«Rien de révolutionnaire»

OLYMPUS DIGITAL CAMERAOlivier Lelarge, responsable des questions LGBT à la Fédération Syndicale Unitaire (FSU), le premier syndicat de l’enseignement en France, revient sur l’introduction de la «théorie du genre» dans les manuels scolaires.

Qu’y a-t-il de si révolutionnaire dans le contenu des nouveaux manuels scolaires ?
Rien ! Ils incluent simplement les nouveaux programmes des cours de Sciences et Vie de la Terre (SVT) des classes de Première, qui ont été votés et publiés il y a un an. Ceux-ci invitent les élèves à réfléchir sur l’élaboration du genre chez les êtres humains et sur le fait qu’on ne naît pas forcément d’emblée homme ou femme, mais que cette identité est aussi le résultat d’une construction sociale. Cela ne va pas au-delà ! On est donc encore loin des «gender studies» («études sur le genre», devenues courantes dans les pays anglo-saxons mais encore peu répandues en France, NdlR) que dénoncent les réactionnaires… Comme toujours, le Conseil Supérieur de l’Éducation a donné son avis sur ces programmes, qui ont ensuite été validés par le ministre. Ensuite, les éditeurs ont usé de leur liberté en choisissant d’en accentuer tel ou tel aspect et en les illustrant de différentes manières.

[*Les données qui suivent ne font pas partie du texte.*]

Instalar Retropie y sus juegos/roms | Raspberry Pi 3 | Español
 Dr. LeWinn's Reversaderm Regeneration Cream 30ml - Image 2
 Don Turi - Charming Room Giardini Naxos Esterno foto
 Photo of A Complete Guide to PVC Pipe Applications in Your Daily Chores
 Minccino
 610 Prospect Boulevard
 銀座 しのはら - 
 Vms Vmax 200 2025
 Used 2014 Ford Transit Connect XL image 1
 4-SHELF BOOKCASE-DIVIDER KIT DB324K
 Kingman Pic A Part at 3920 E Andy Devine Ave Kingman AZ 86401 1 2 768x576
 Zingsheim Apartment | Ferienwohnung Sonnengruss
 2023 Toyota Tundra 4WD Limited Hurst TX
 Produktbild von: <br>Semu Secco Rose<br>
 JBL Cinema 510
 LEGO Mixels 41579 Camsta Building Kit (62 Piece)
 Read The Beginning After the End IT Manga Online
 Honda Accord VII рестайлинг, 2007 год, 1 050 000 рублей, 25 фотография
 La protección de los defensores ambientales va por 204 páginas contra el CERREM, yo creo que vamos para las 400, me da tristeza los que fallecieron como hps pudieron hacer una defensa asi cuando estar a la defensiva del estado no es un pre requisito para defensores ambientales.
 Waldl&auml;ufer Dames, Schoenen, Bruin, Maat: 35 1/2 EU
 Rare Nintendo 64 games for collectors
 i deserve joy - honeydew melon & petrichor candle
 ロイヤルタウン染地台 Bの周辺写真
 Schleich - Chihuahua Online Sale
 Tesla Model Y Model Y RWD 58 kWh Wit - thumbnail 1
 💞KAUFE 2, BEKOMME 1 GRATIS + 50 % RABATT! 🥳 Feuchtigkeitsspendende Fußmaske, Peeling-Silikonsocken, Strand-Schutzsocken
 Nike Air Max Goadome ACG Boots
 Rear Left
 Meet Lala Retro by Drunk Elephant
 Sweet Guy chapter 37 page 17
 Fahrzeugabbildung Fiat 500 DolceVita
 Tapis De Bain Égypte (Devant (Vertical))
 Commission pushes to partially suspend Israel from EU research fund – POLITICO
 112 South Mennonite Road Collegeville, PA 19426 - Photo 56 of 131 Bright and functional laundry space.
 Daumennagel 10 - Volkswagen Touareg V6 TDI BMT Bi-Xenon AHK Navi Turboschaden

Certains affirment que cette théorie aurait davantage sa place dans des cours de philosophie ou de sociologie que de sciences naturelles…
L’intérêt de ces nouveaux programmes, c’est justement de sortir les SVT du tout-biologique en intégrant des éléments qui relèvent de l’acquis, d’une construction à la fois sociologique et psychologique. Pour la FSU, c’est très bien que cette théorie soit enseignée dans les cours de SVT. Comme pour un certain nombre de sujets, il ne s’agit pas pour les professeurs de présenter la théorie du genre comme une «Vérité révélée» (une vision profondément fausse du travail des enseignants) mais d’apporter aux élèves un minimum de connaissances en provoquant chez eux la réflexion.

Les détracteurs de la théorie du genre insistent sur son origine américaine, comme pour la décrédibiliser. Pourquoi une telle défiance vis-à-vis des campus d’Outre-Atlantique ?
L’une des raisons de cette affaire, c’est la peur du communautarisme. Tout ce qui vient du monde anglo-saxon est perçu comme s’opposant de front à l’égalitarisme républicain français. Mais si on veut révéler les inégalités entre hommes et femmes ou entre hétérosexuels et homosexuels, on est bien obligés de travailler sur ces sujets ! Dénoncer la théorie du genre comme fausse parce qu’elle est née aux États-Unis, c’est juste une façon commode d’éviter de se poser la question de ces inégalités. C’est vraiment une réaction d’homme blanc hétérosexuel qui ne se sent pas concerné.

Voyez-vous des parallèles entre le refus de la théorie du genre en France et le refus de la théorie de l’évolution par les créationnistes aux États-Unis ?
Il y a évidemment, dans les deux cas, un fond conservateur qui cherche à décrédibiliser toute avancée de la réflexion visant à déconstruire les préjugés. Les conservateurs américains ont donc certainement inspiré nos amis de la droite extrême en France. C’est assez amusant d’entendre ceux-ci dénigrer la théorie du genre parce qu’elle est apparue aux États-Unis alors qu’eux-mêmes sont influencés par les Américains…

Ces dernières années, le contenu des programmes scolaires a déclenché bon nombre de polémiques. Pourquoi ?
Sur la question des genres et de l’identité sexuelle à l’école, les militants de la lutte contre l’homophobie ont réussi depuis plusieurs années à faire évoluer les choses, mais toujours à la marge, à travers par exemple l’ouverture de lignes d’écoute ou la mention de la lutte contre l’homophobie dans les circulaires de rentrée du ministère de l’Éducation nationale. Mais en ce qui concerne le cœur des programmes, c’est la première fois que ceux-ci se font l’écho de la diversité de la société, ce qui explique sans doute la réaction très vive des lobbys catholiques et conservateurs.